Download or read book Has the Immigrant Kept the Faith A Study of Immigration and Catholic Growth in the United States 1790 1920 written by Gerald Shaughnessy and published by . This book was released on 1925 with total page 302 pages. Available in PDF, EPUB and Kindle. Book excerpt:
Download or read book Has the Immigrant Kept the Faith written by Gerald Shaughnessy and published by . This book was released on 1925 with total page 0 pages. Available in PDF, EPUB and Kindle. Book excerpt:
Download or read book Has the Immigrant Kept the Faith written by Gerald Shaughnessy and published by . This book was released on 1925 with total page 0 pages. Available in PDF, EPUB and Kindle. Book excerpt:
Download or read book More Books written by Boston Public Library and published by . This book was released on 1926 with total page 398 pages. Available in PDF, EPUB and Kindle. Book excerpt:
Download or read book Iowa History Reader written by Marvin Bergman and published by University of Iowa Press. This book was released on 2008-03-15 with total page 470 pages. Available in PDF, EPUB and Kindle. Book excerpt: In 1978 historian Joseph Wall wrote that Iowa was “still seeking to assert its own identity. . . . It has no real center where the elite of either power, wealth, or culture may congregate. Iowa, in short, is middle America.” In this collection of well-written and accessible essays, originally published in 1996, seventeen of the Hawkeye State’s most accomplished historians reflect upon the dramatic and not-so-dramatic shifts in the middle land’s history in the nineteenth and twentieth centuries. Marvin Bergman has drawn upon his years of editing the Annals of Iowa to gather contributors who cross disciplines, model the craft of writing a historical essay, cover more than one significant topic, and above all interpret history rather than recite it. In his preface to this new printing, he calls attention to publications that begin to fill the gaps noted in the 1996 edition. Rather than survey the basic facts, the essayists engage readers in the actual making of Iowa’s history by trying to understand the meaning of its past. By providing comprehensive accounts of topics in Iowa history that embrace the broader historiographical issues in American history, such as the nature of Progressivism and Populism, the debate over whether women’s expanded roles in wartime carried over to postwar periods, and the place of quantification in history, the essayists contribute substantially to debates at the national level at the same time that they interpret Iowa’s distinctive culture.
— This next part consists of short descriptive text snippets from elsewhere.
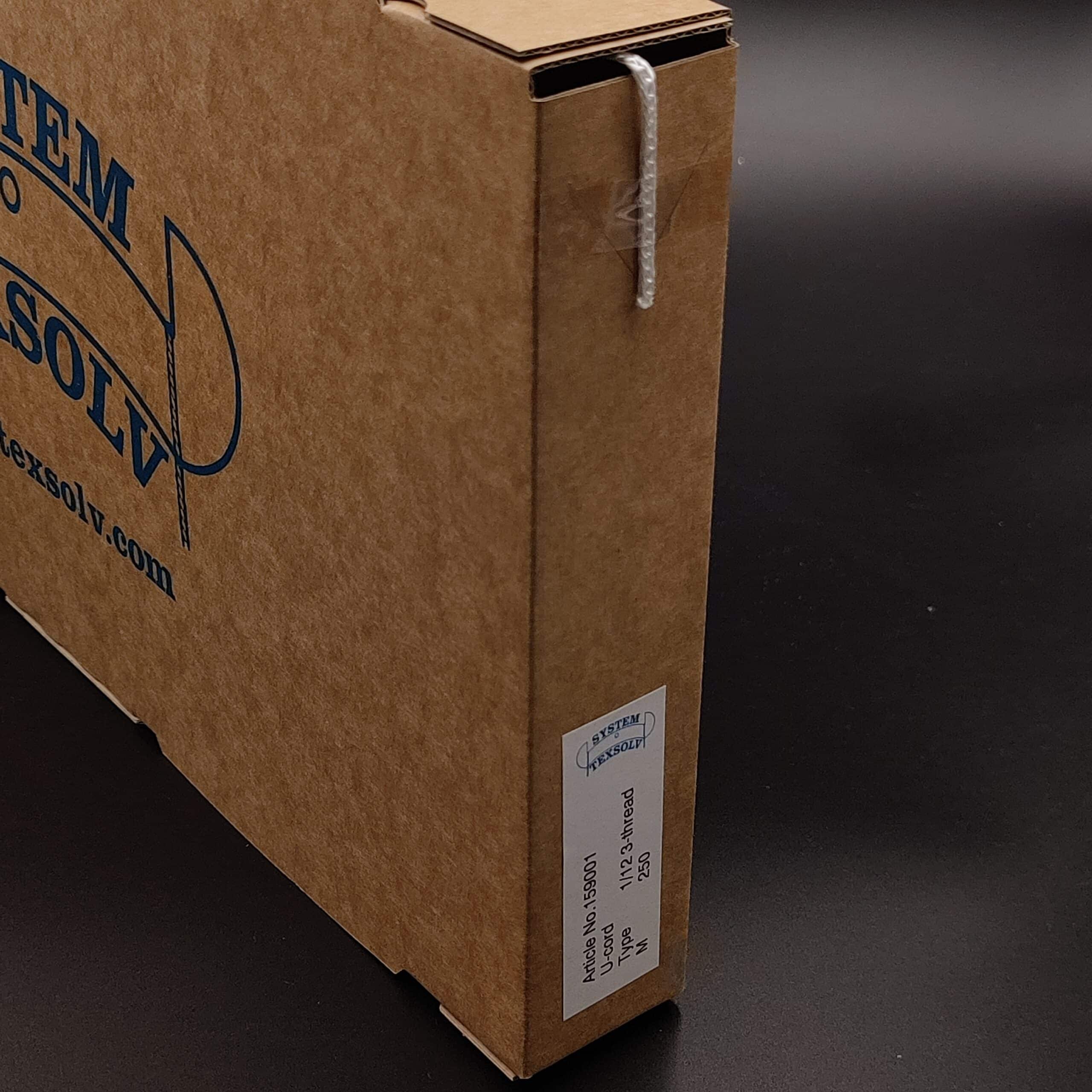 U-cord in cardboard Arts & Crafts Texsolvshop 1/12 3-Thread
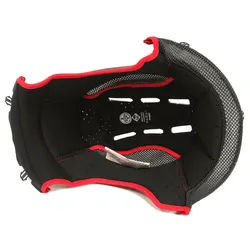 Nolan N80-8 Clima Comfort Innenfutter, schwarz-rot, Größe L XL 2XL für Männer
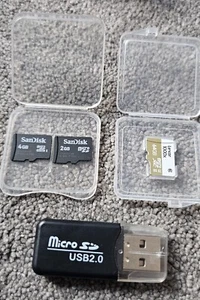 Lexar 64GB 64G 1000x 150MB/s Micro SD GoPro 4K & SanDisk 4GB & 2GB with Adaptor - Zdjęcie 1 z 3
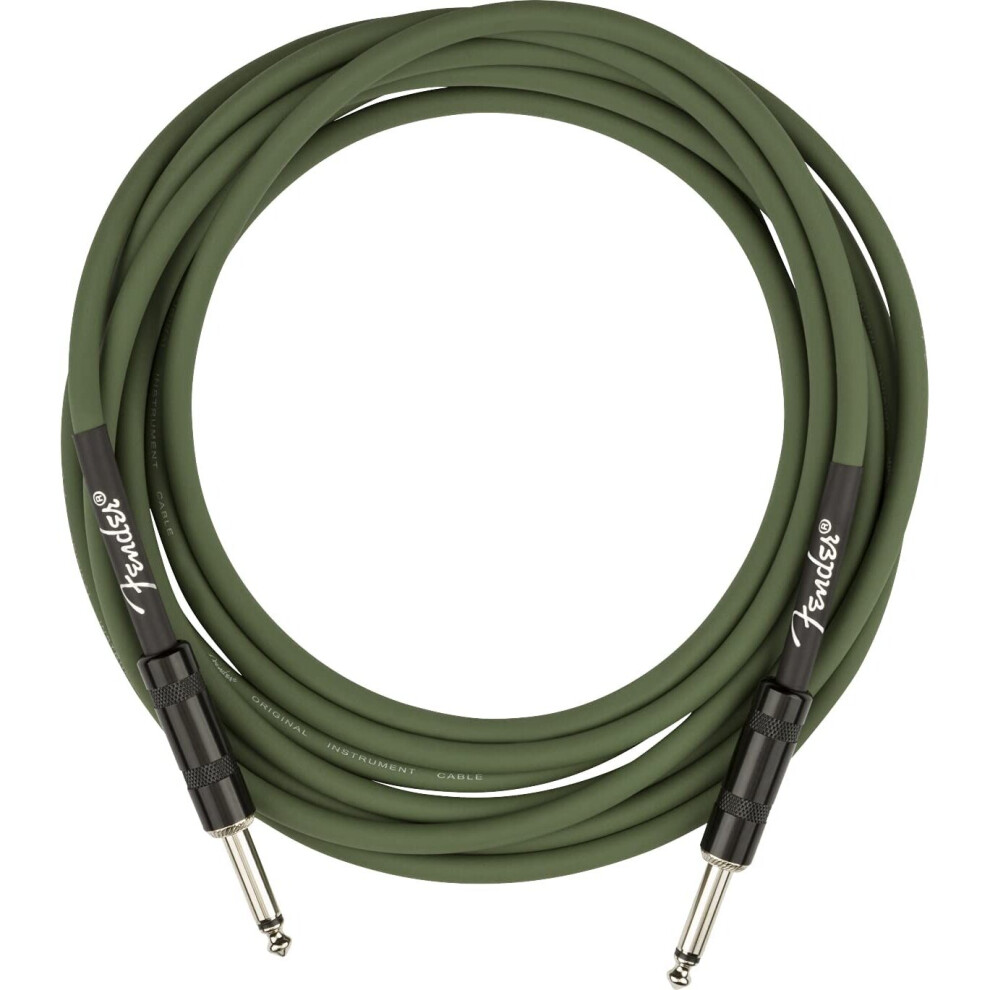 FenderÂ® Strummer Pro Cable Grab Green Joe Strummer Signature Instrument Cable 4 Metres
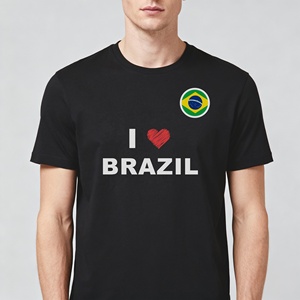Camiseta ligera y transpirable <span class=keywords><strong>para</strong></span> fanáticos <span class=keywords><strong>de</strong></span> <span class=keywords><strong>Brasil</strong></span> <span class=keywords><strong>para</strong></span> reuniones y fósforos al aire libre <span class=keywords><strong>de</strong></span> verano - Product Image 4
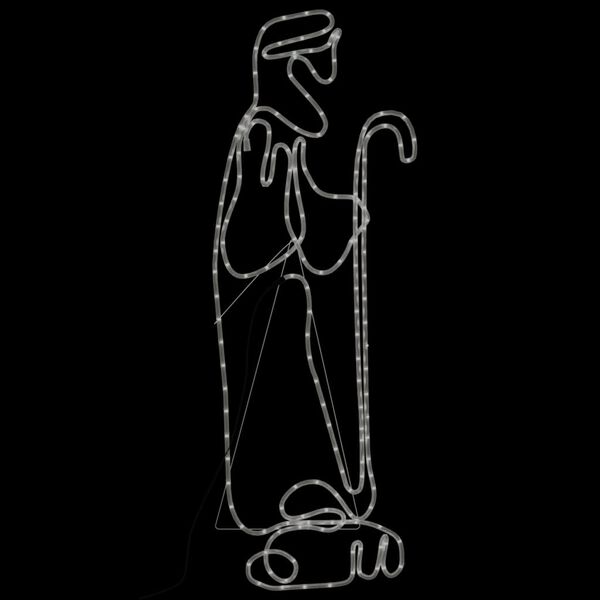 vidaXL Figurine de No&euml;l Berger et agneau avec 168 LED 102,5x35 cm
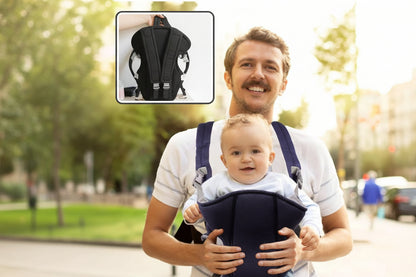 porte bebe ergonomique bleu-fonce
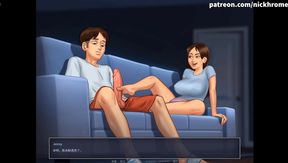 [Gameplay] Summertime Saga All Sex Scenes Jenny Part 9 (Chinese sub)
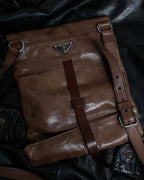 "PRADA" Real leather wrapped bag
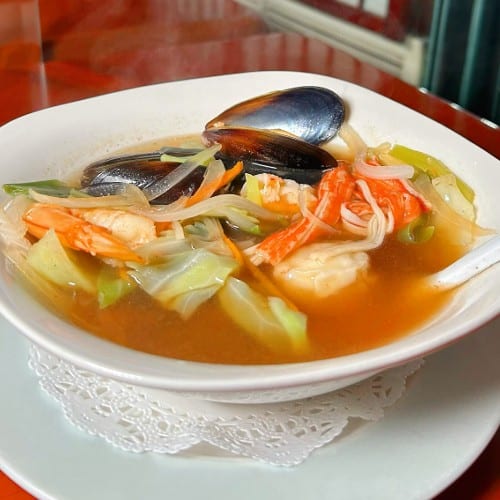 Spicy Seafood Soup.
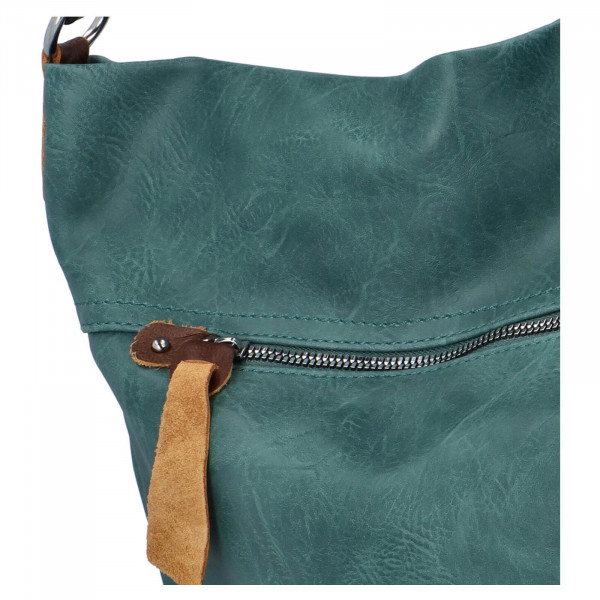 Dámská kabelka přes rameno Paolo Bags Jiřina - zelená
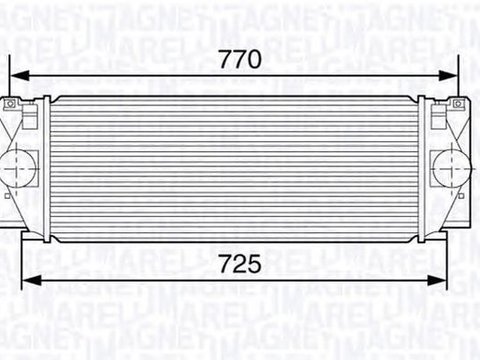 Intercooler MERCEDES-BENZ SPRINTER 5-t caroserie 906 MAGNETI MARELLI 351319203630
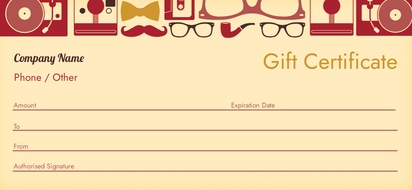 Design Preview for Design Gallery: Retro & Vintage Gift Certificates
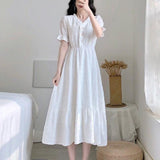 Retro Temperament Small Fragrant White Dress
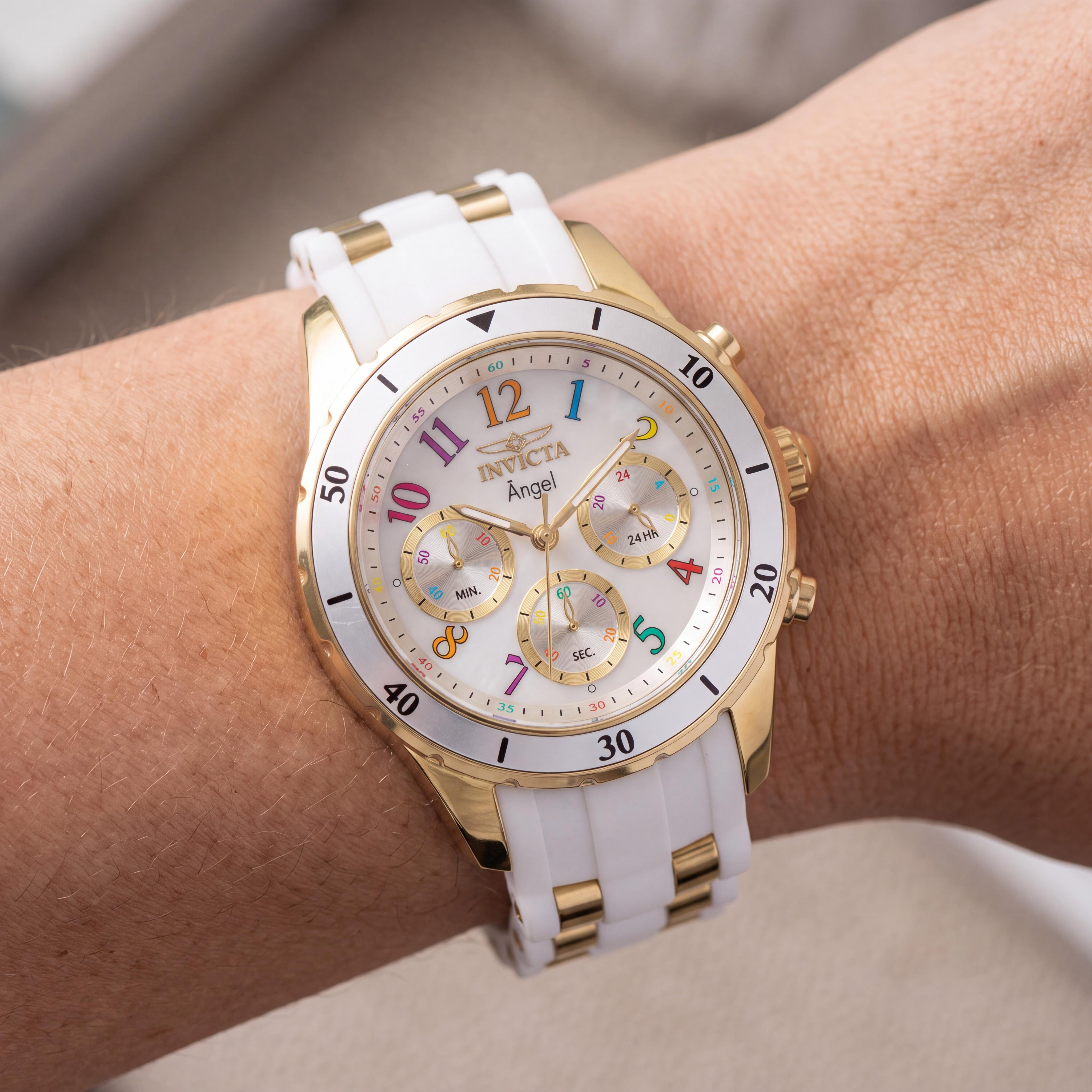 Invicta Angel 49801 Unisex Chronograph Stainless Steel Watch 40mm, Photo 3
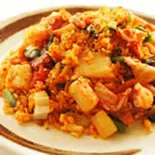 キムチ焼飯(いか・えび・豚・たこ・キムチ)（鉄板焼 関西風お好み焼き 甚六）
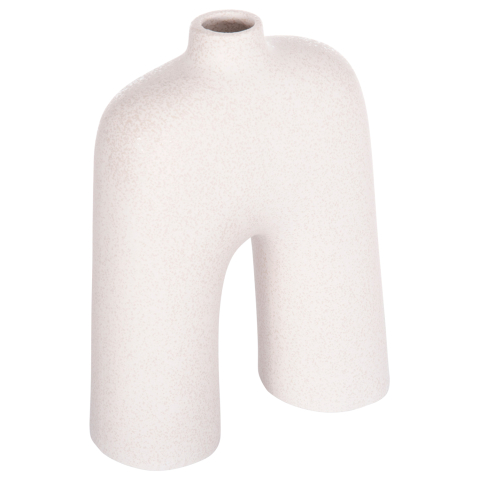 Decoratiuni pentru masa - CERAMIC TABLE DECOR SERIES ISIL HM4599.01 OFF WHITE WITH CRYSTALLISATION 22x8x29Hcm.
Download or read book Dialogue on the Frontier written by Margaret C. DePalma and published by Kent State University Press. This book was released on 2004 with total page 244 pages. Available in PDF, EPUB and Kindle. Book excerpt: A discussion of the expansion of Catholicism in the West Dialogue on the Frontier is a remarkable departure from previous scholarship, which emphasized the negative aspects of the relationship between Protestants and Catholics in the early American republic. Author Margaret C. DePalma argues that Catholic-Protestant relations took on a different tone and character in the late eighteenth and early nineteenth centuries. She focuses on the western frontier territory and explores the positive interaction of the two religions and the internal dynamics of Catholicism. When Father Stephen T. Badin arrived in the Kentucky frontier in 1793, intent on expanding Catholicism among the pioneers, he brought only his faith and courage, a capacity to work long hard hours, and an understanding of the need for meaningful interaction with his Protestant neighbors. He established the groundwork for the later arrivals of Edward D. Fenwick, the first bishop of Cincinnati, and Archbishop John B. Purcell. The interaction between these priests and the frontier Protestant community resulted in a dialogue of mutual necessity that allowed for the growth of the region, the nation, and the church. The ministries and stories of these three priests are representative of the problems the Catholic Church faced in overcoming anti-Catholic sentiment and the solutions it found in its efforts to lay a permanent foundation in the West. This book will be of great interest to scholars of the early republic and religious life and of the urban landscape of the Midwest.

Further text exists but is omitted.